In viaggio tra Addis Abeba e Juba. Sotto l’aereo a eliche, le nuvole. Sotto le nuvole vedo il verde del Sud Sudan nella stagione delle piogge, attraversato da serpenti marroni, rossicci. Strade, penso. Poi invece si capisce dalla traccia curvilinea che sono fiumi. Una strada forse l’avrebbero tracciata più dritta, per raggiungere prima la destinazione. Io rientro a Juba e più ci avviciniamo più il sorriso si allarga. Che posto il Sud Sudan. E’ Africa, e in Africa c’è posto per tutto. Anche – e sempre di più – per la guerra: al nord si combatte ancora e forse più di prima. Bentiu l’hanno presa i ribelli la settimana scorsa. Ora sono di nuovo le truppe governative che si fanno sotto.
Nassir, in Upper Nile, è il nuovo teatro di guerra. E Twic County, Warrap. Quest’ultima zona non di guerra, fino a due o tre settimane fa. La guerra negli stati petroliferi e ribelli oltrepassa i confini. Soprattutto facendo sfollati, gente che scappa che noi di AVSI insieme alle altre realtà presenti sul territorio ci prepariamo ad accogliere. Gente che si rifugia negli stati confinanti, dove non sembrano esser previsti aiuti. Tutto nelle zone in guerra, dove non si può andare e non si riesce a stare. Sappiamo di devastazioni e di nulla dopo i combattimenti. Un paradosso i fondi per l’emergenza umanitaria dove muovere un passo è la morte o la vita.

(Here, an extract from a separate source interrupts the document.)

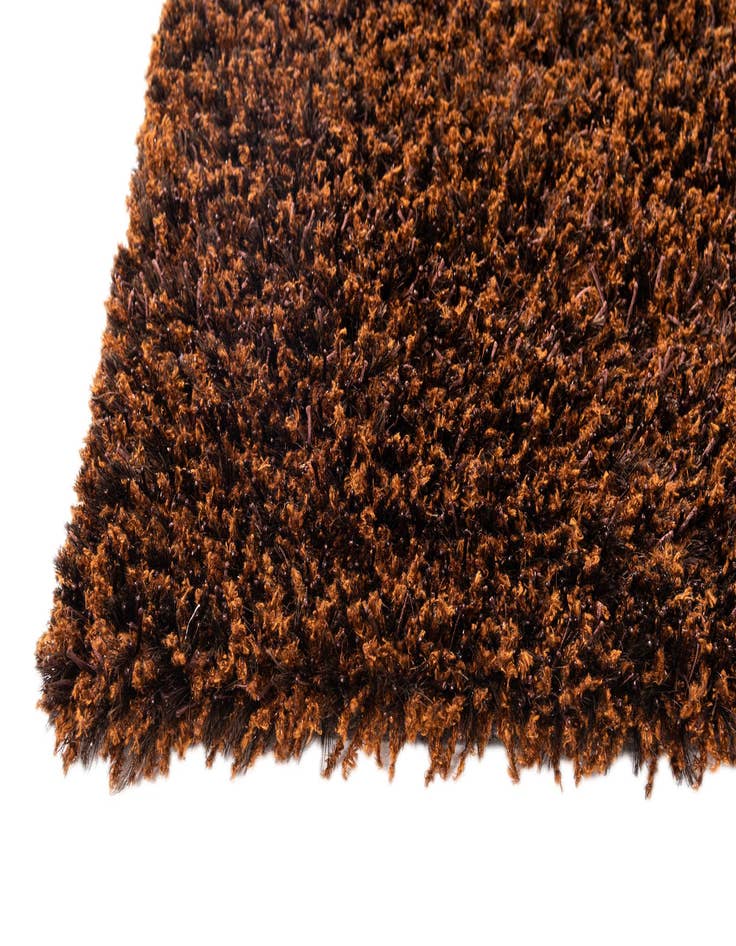 Detail image of 5' 7 x 8'  Hand Knotted Solid Shag Rug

Ban-Ki – Moon ieri è arrivato a Juba. Nelle fotografie indossa una camicia quasi mimetica militare, color della terra. Qualche giorno fa anche il segretario di stato americano Kerry è stato qui. Ha provato a mettere i due elefanti seduti allo stesso tavolo. Ma nulla. Forse non vogliono mediazioni americane, non ne vogliono la presenza. Eppure un parente che sta negli USA ci racconta che la sua impresa di costruzioni verrà a costruire proprio qui. Durante questa guerra, forse anomala. O forse si tratta piuttosto di una scossa di assestamento. Il 2011 – con la nascita del Sud Sudan – è stato solo un primo passo. Forse solo le doglie. Si attende il parto.